The Lemon case was with respect to legislation. What about government actions such as ceremonial prayer or religious displays on public property that are not legislative in nature? In the next post, we will look at another doctrinal test, that of endorsement, that tried to meet some of the shortcomings of Lemon.

Comments

  1. Wylann says

    The issue of how to interpret and enforce neutrality in particular situations (such as providing tax exemptions for religious institutions and personnel, prayer and Bible readings and religious instruction in public schools, the display of religious artifacts on government property, ceremonial prayer, support for parochial schools, etc.) now came to the fore.

    In my opinion, the only real reasons for any difficulty here have to do with 1) individual SCOTUS members’ bias, and 2) SCOTUS as a whole being too chickenshit to do the obvious. (I know that’s a bit harsh, but I really think it’s dereliction of duty. The whole design of the SCOTUS by the framers of the consitution was to make it their job, essentially, to make the unpopular decisions.
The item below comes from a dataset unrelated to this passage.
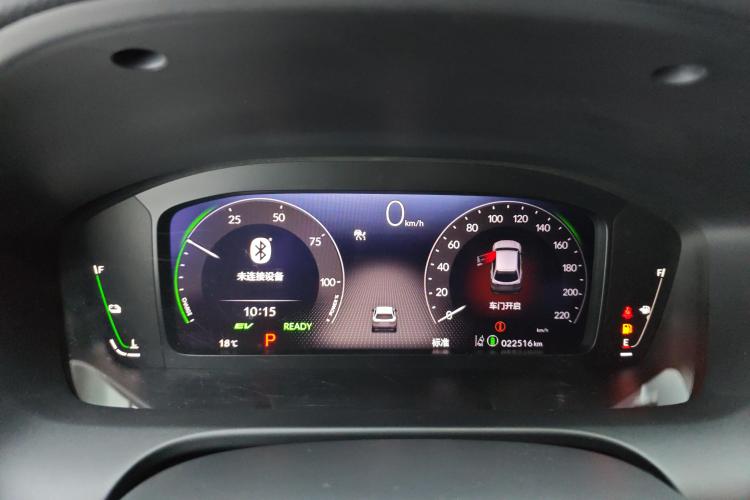 Honda HR-V 2023 #9 Honda HR-V 2023 car image #9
If they are going to be so swayed by public opinion, might as well add a term limit to them.)

    Anyway, to break down your list, it’s really pretty easy to see the choices. Interestingly, they aren’t all the same, but there are a lot of similarities.
    1. Tax exemptions for religious institutions: Fine, but enforce the restrictions that come with them, and don’t automatically exempt them from the normal bookkeeping restrictions of other 501(c)(3) organizations.
    2. Get rid of any parsonage exemptions, and any other exemption that doesn’t have a secular equivalent. This is implicitly favoring religion, which is just as bad as favoring non-religion.
    3) Prayer/bible readings/etc. In government functions. Go big or go home. They need to be either just a plain public forum, or disallowed entirely. The easier of the two is to just disallow them. People can and should pray on their own time, quietly. This applies to council meetings as much as public schools.
    4) Religious displays on government property: Easiest if to disallow it, but the public forum route is available, as long as the approval process is a level playing field (which is a stretch in many places).
    5) Public funds to sectarian or parochial schools. End it. The schools should fund themselves, just like any other institute. They can make things easier by operating as a non-profit, since that will get them out of a lot of taxes. No vouchers, no government support other than being able to qualify as a non-profit. (This applies to any private school, though, IMO.)
    6) Ceremonial prayer is BS, and we all know it. The biggest evidence for this comes not from those who try to stop it, but from those who support it. If it were just ceremonial, it wouldn’t be a big deal, right?